* Information supplied:

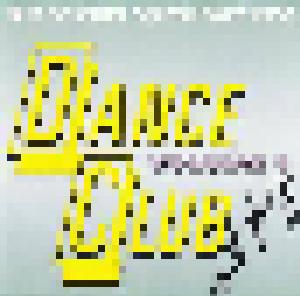 Dance Club Volume 1 - Cover
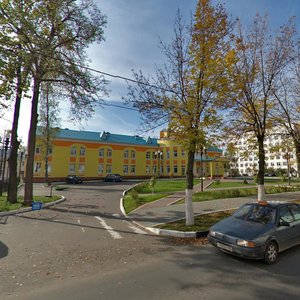 Chaykovskogo Street, 7к3, Stupino: photo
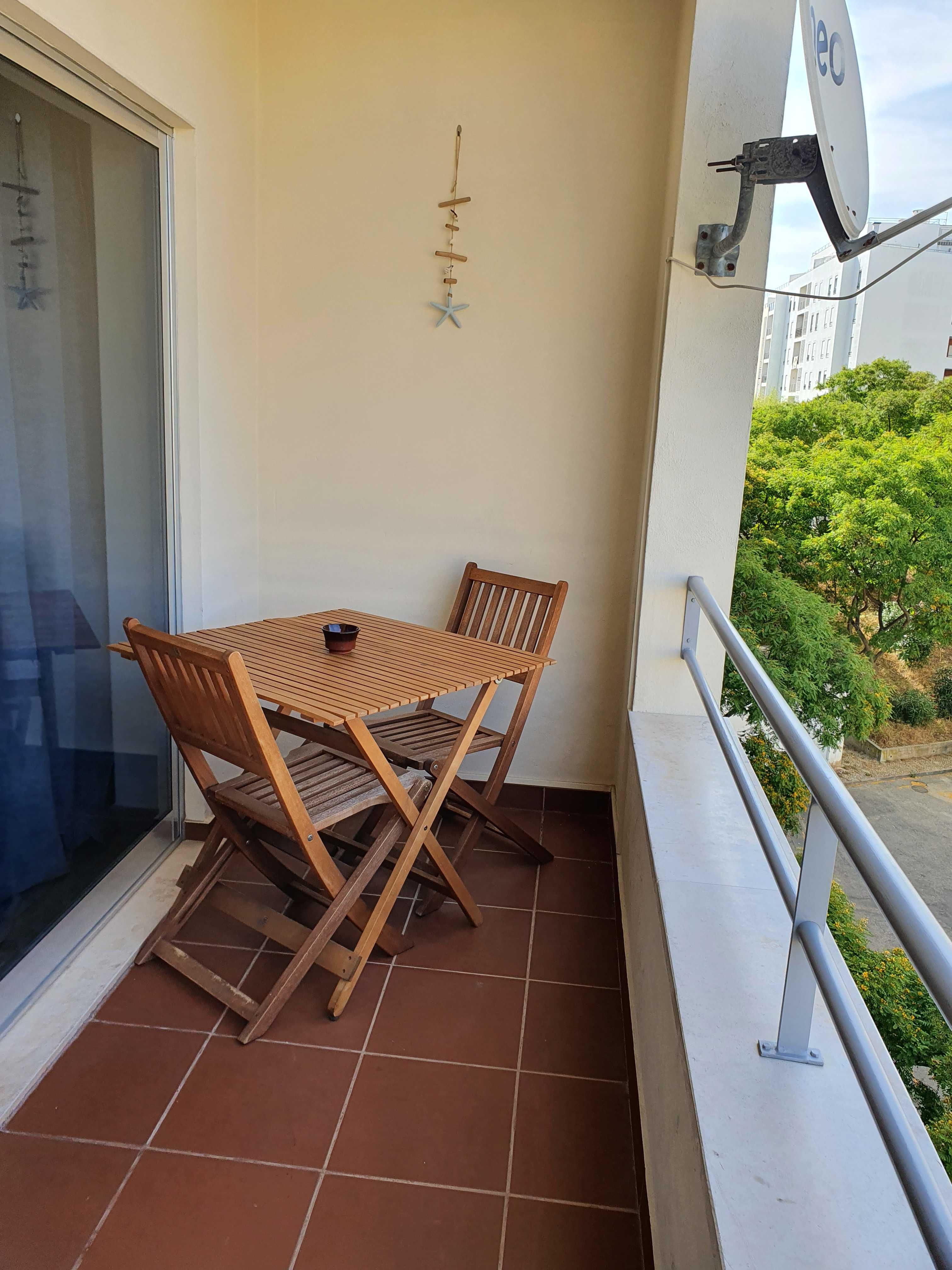 Apartamento T1 em Portimão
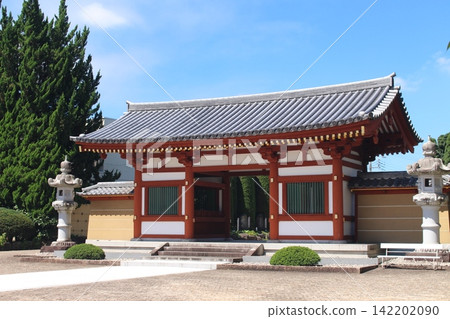 長壽寺 142202090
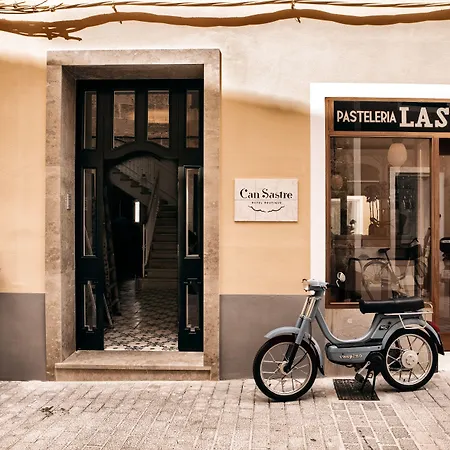 Boutique Sastre Hotel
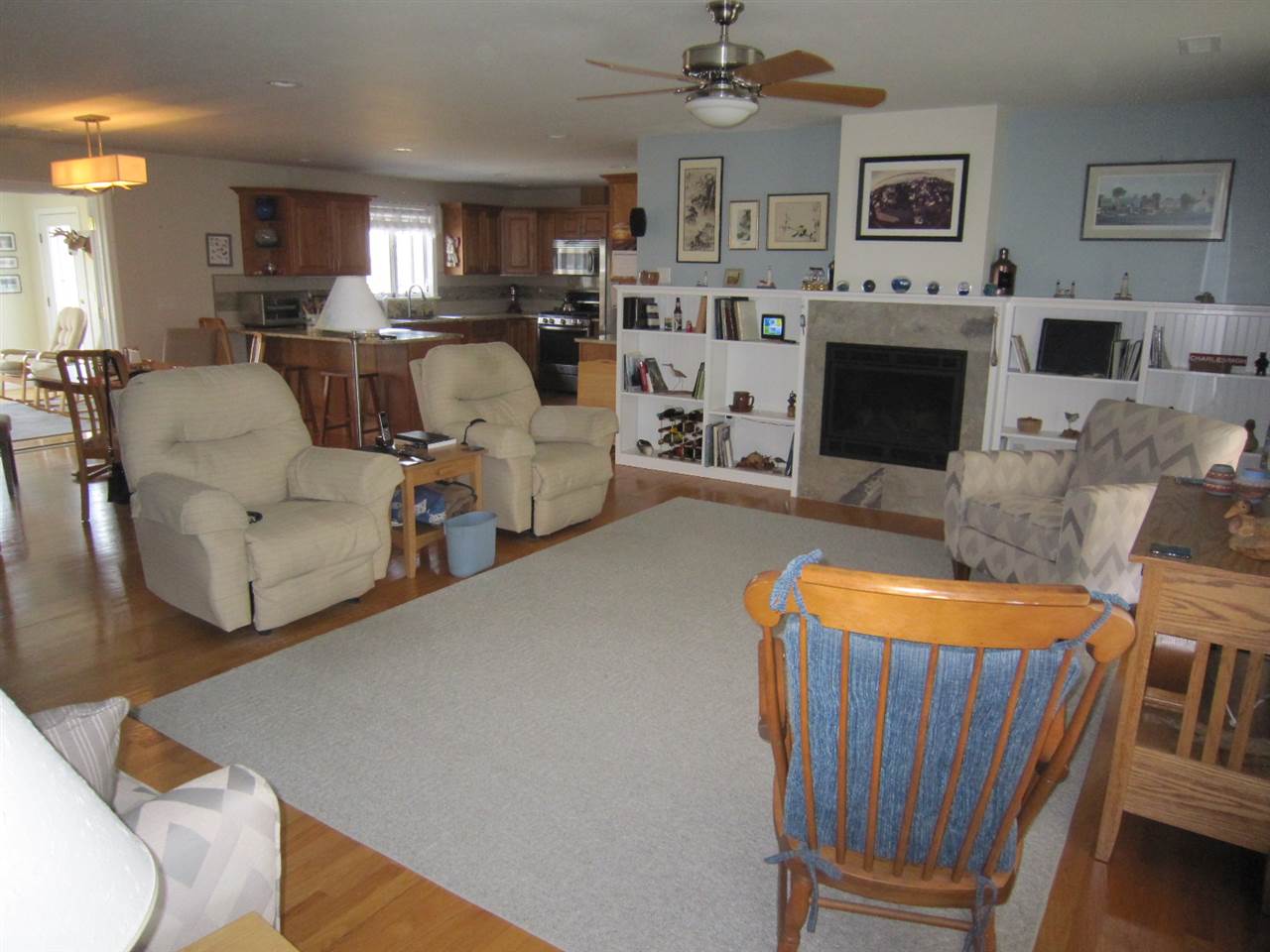 99 Governors Road Farmington, NH 03835 - Photo 6 of 32
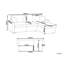 Barnum 3 Seater Sofa Bed-1423858970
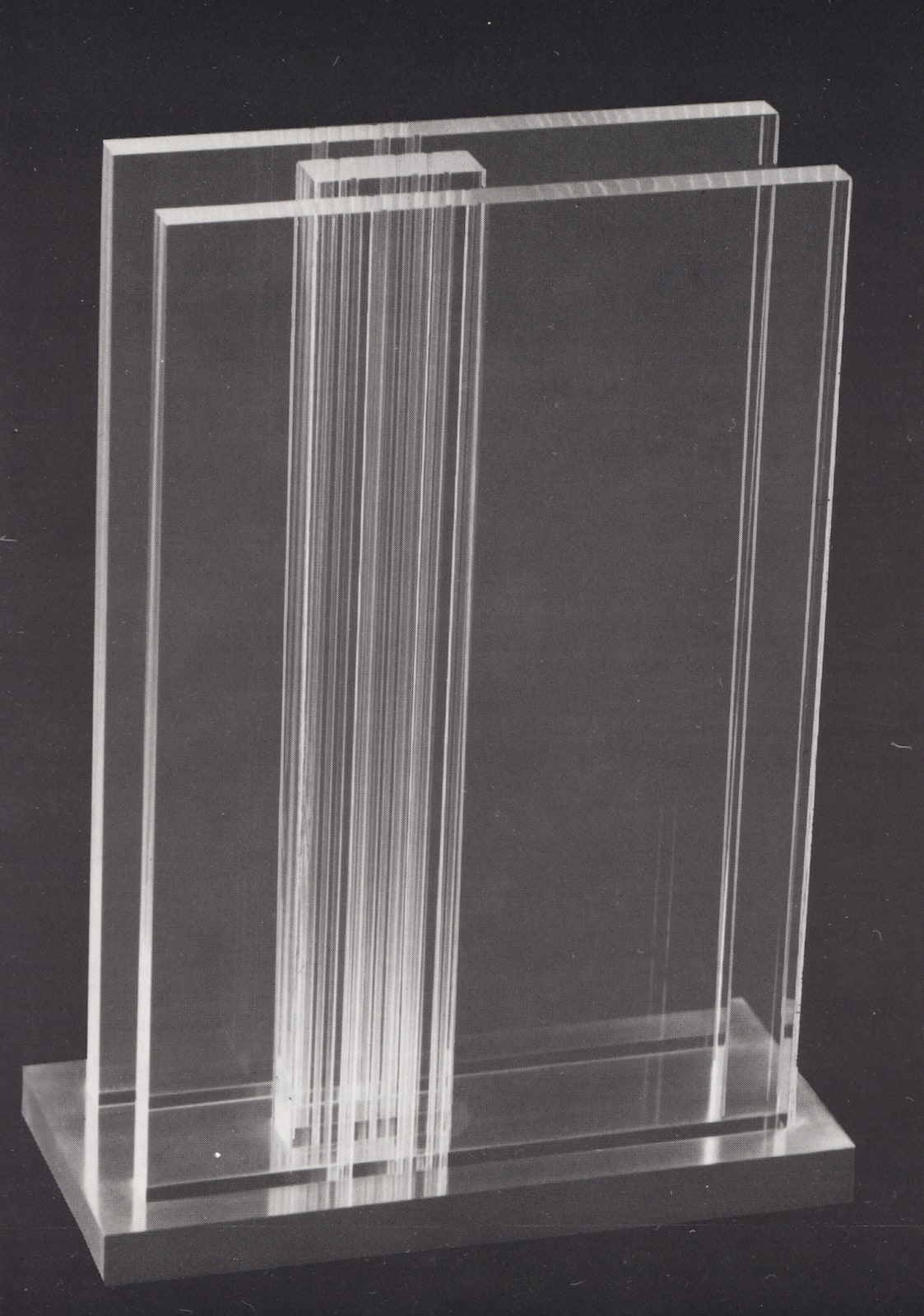 Carlos Cairoli, Translation II, 1975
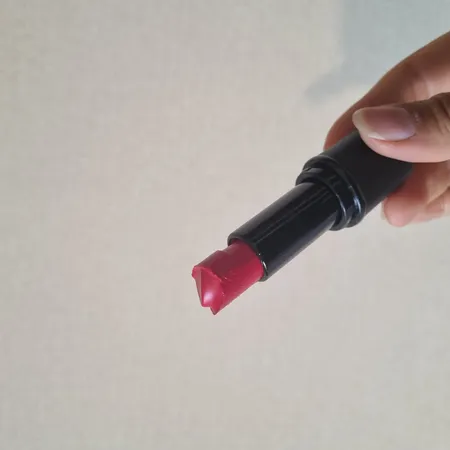 رژ لب جامد کالیستا مدل Glamor Shine شماره S85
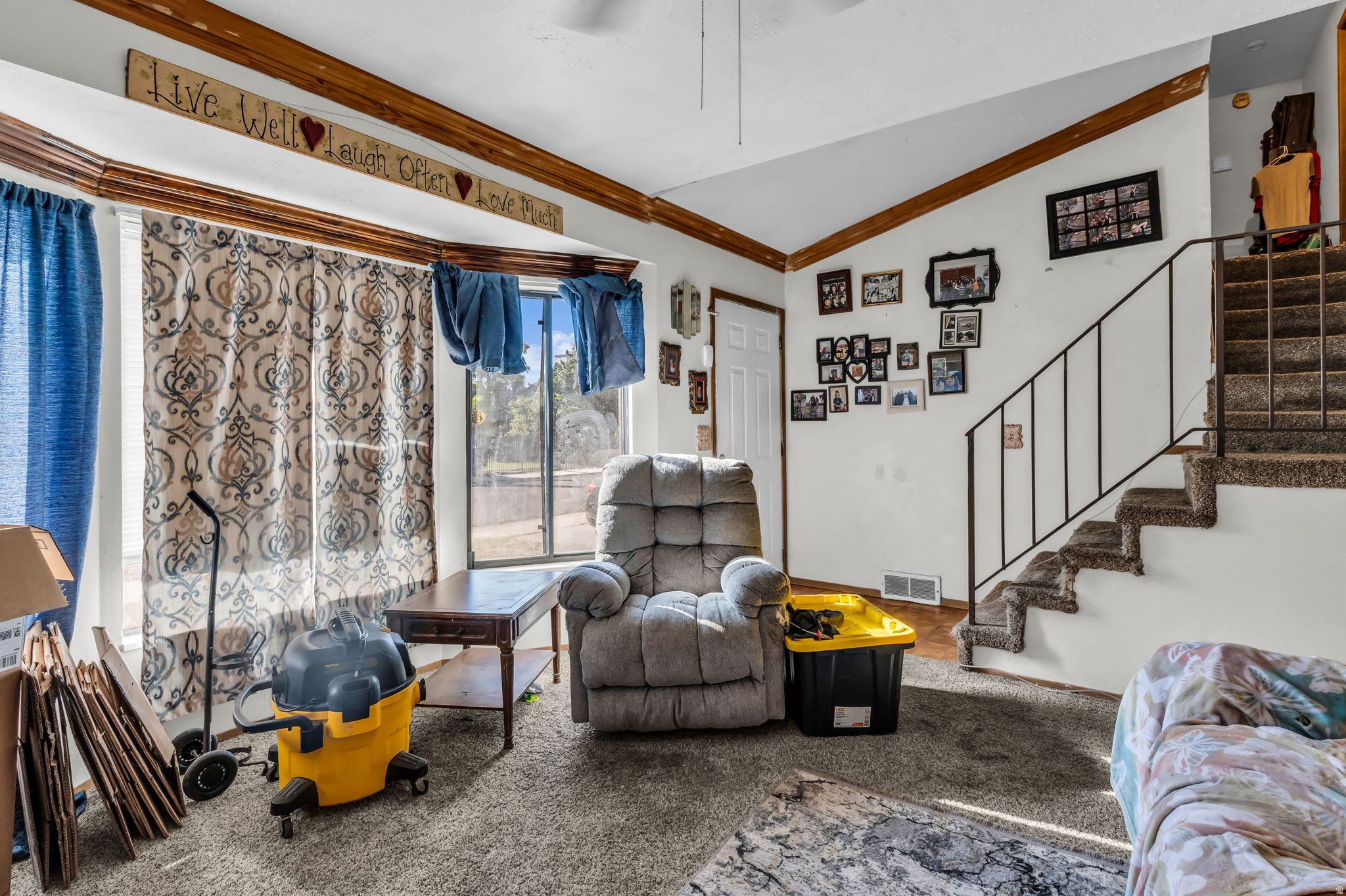 HARBOR PARK - Residential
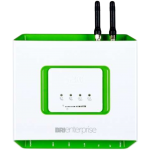 BRI Enterprise 2xGSM (1xNT 1xTE) 100-240V EU plug, Cinterion brána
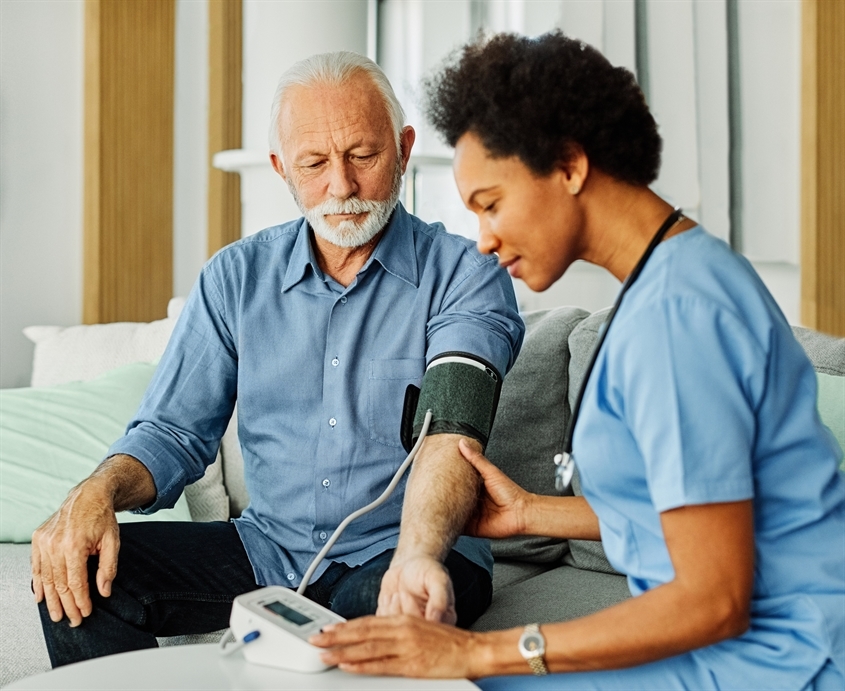 Akademie der Gesundheit Berlin/Brandenburg e.V.: Pflege studieren!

* What the task asks: Please give all of the material again, exactly, without the images.

* Solution to this exercise:
 Dance Club Volume 1 - Cover
 Chaykovskogo Street, 7к3, Stupino: photo
 Apartamento T1 em Portimão
 長壽寺 142202090
 Boutique Sastre Hotel
 99 Governors Road Farmington, NH 03835 - Photo 6 of 32
 Barnum 3 Seater Sofa Bed-1423858970
 Carlos Cairoli, Translation II, 1975
 رژ لب جامد کالیستا مدل Glamor Shine شماره S85
 HARBOR PARK - Residential
 BRI Enterprise 2xGSM (1xNT 1xTE) 100-240V EU plug, Cinterion brána
 Akademie der Gesundheit Berlin/Brandenburg e.V.: Pflege studieren!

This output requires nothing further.